Exercise objective:
Print the entries exactly as they appear, and omit any images.

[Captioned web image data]
⁂
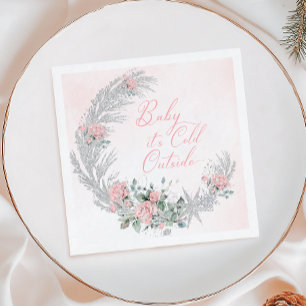 Serviette En Papier Bébé il fait froid dehors Rose hivernal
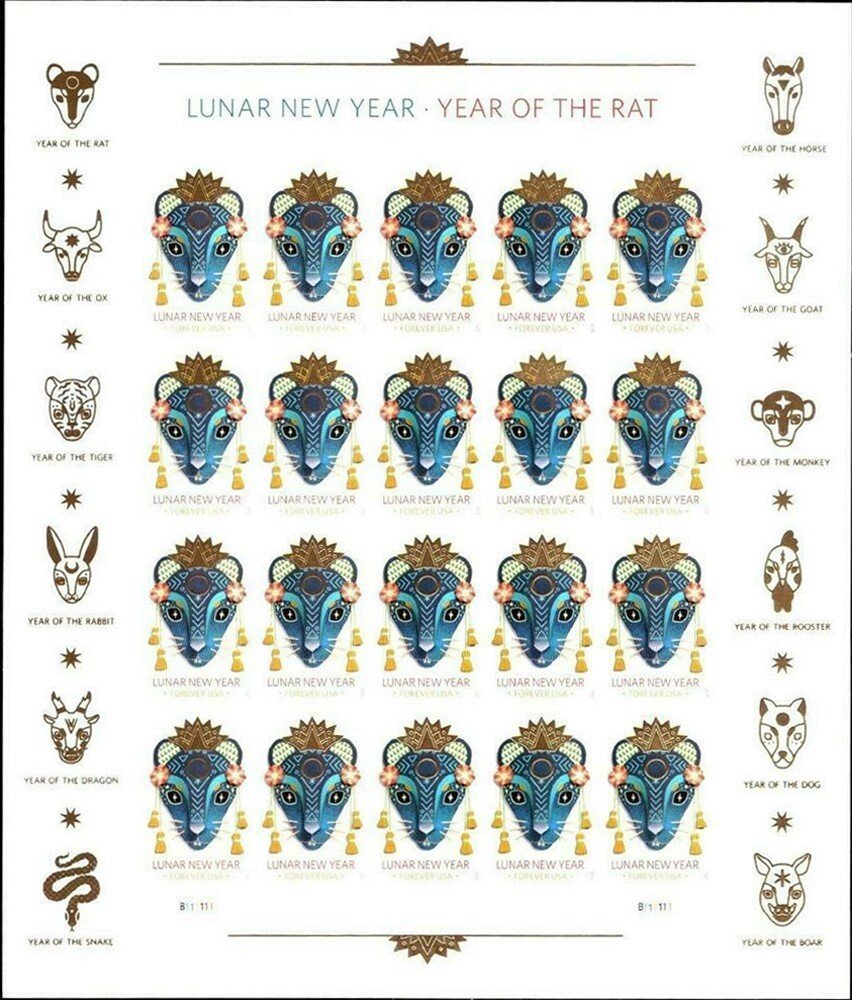 USPS Year of the Rat Forever Stamps Sheet of 20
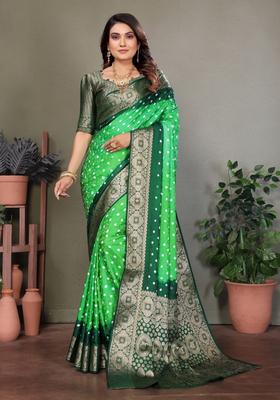 Parrot Green Zari Work Silk Saree Set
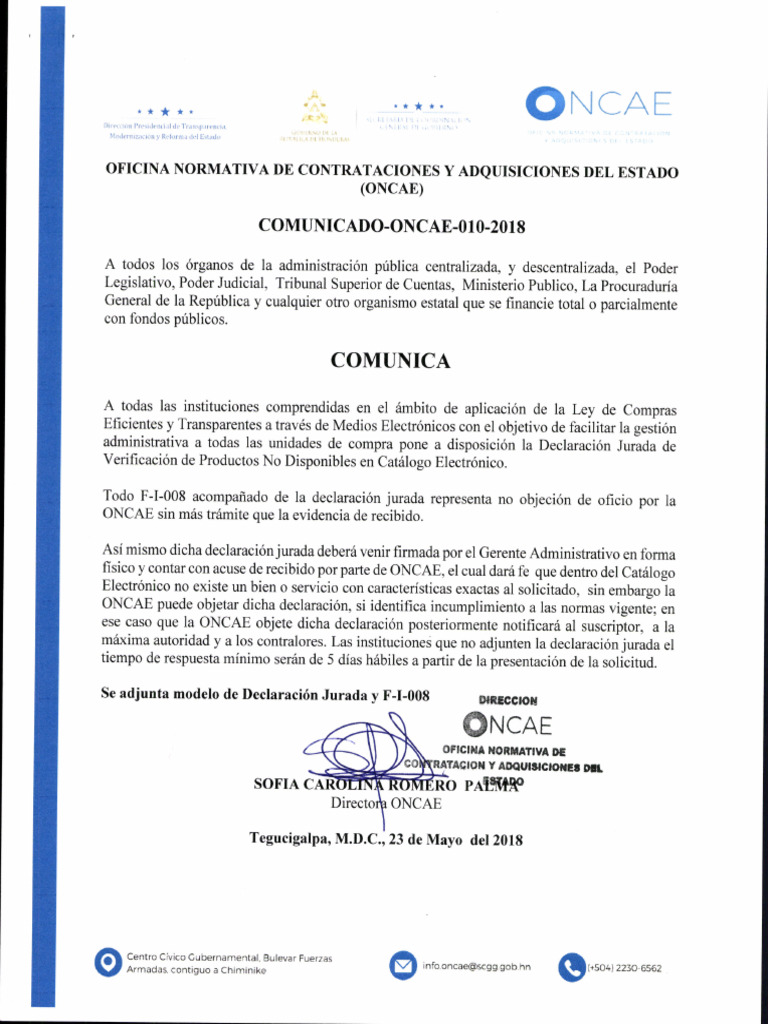 Declaración Jurada ONCAE para Compras | PDF | Gobierno | Justicia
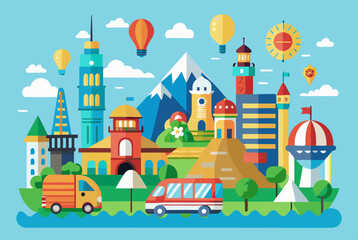 vector illustration of a castle in the background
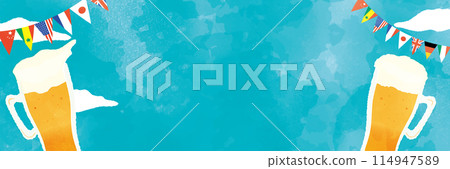 Beer, blue sky and flag garland Beer, blue sky and flag garland 114947589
⁂
Answer box:
 Serviette En Papier Bébé il fait froid dehors Rose hivernal
 USPS Year of the Rat Forever Stamps Sheet of 20
 Parrot Green Zari Work Silk Saree Set
 Declaración Jurada ONCAE para Compras | PDF | Gobierno | Justicia
 vector illustration of a castle in the background
 Beer, blue sky and flag garland Beer, blue sky and flag garland 114947589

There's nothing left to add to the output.